The Mariners feature an exciting team that could easily make a run at their first division championship since the Ford Administration. They feature a budding star in first baseman The Dude Who Got Traded for Cliff Lee, and a dominant starting pitcher, The Heavy Set Young Guy Who Sportswriters Seem to Really Like. The Short Speedy Guy Who Used To Be Good is a sparkplug at the top of the lineup. The Guy With The Strange Looking Name is a top-flite closer who looks to rebound from a shaky 2010. Slightly Mentally Disturbed Former Power Hitter Who Has Been Kicked Off Of Nearly Every Team In Baseball showed signs of regaining his All-Star form late last season.
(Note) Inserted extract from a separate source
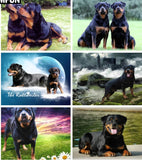 5D diamond embroidery painting full round/ square "Rottweilers - dogs"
They have a lot of other talented players who are capable of both hitting and even fielding, on occasion. New Manager, Guy With The Mustache Who Got Fired By Somebody a While Ago, brings a new enthusiasm and energy that should translate into more wins.
AL Wild Card-Tigers
The Tigers are one of the toughest teams in baseball. They have to be…they live in Detroit. Detroit, a city that is best known for devastating poverty and Robocop, has a proud tradition of excellence. No examples of this spring to mind immediately, but I’m sure there is some fellow in a Chet Lemon throwback jersey who can come up with a few. Detroit also features a baseball stadium that is untouched by the bloodshed and terror that take place outside of its gates. They will probably sellout most of their games this season as panicked citizens search for shelter, food and safety.
In spite of the fact that 2/3s of the team look like they have been waiting on line for 15 hours to get tickets to a Nickelback concert, they have a great deal of talent. The pitching is flat-out awesome. Lincecum and Cain are tremendous at the front end, but they also have the unfortunately named Madison Bumgarner and Barry Zito, who’s contract conclusively proves he is one of the top pitchers in baseball. Expect great things out of enigmatic lefty Jonathon Sanchez, who should pitch well enough this season to allow another organization to set themselves back 10 years by giving him millions of dollars in the off-season (see Oliver Perez). The fact that they collectively will probably hit 12 homeruns shouldn’t bother you because good pitching always beats good hitting and clichés repeated ad nauseum by baseball announcers are always correct.
The Nats went out and spent some money in the off-season for the first time since Ronnie Belliard turned down a lucrative career in Real Estate Sales to join the club back in 2007. Their big splash was the signing of Jayson Werth, who should react favorably to a less hitter friendly park and limited protection in the lineup. They also signed Adam LaRoche, a player who has accumulated a great deal of experience playing in front of 300-1,000 fans, a major advantage for players first joining the club. They feature a bevy of young potential superstars including recent arm transplant recipient Jordan Zimmerman and David Clyde-esque flamethrower Stephen Strasburg. If minor league sensation Bryce Harper does not drown in eye black, he could join the club for a late season push.
Somebody has to win the Central….right????
NL Wild Card-Florida
Florida’s fan base has suffered through several subpar seasons due to the nearly constant fire sale that has taken place since the franchise last won the World Series in 2003. Those twelve people have suffered terribly and deserve a great season. This is their year!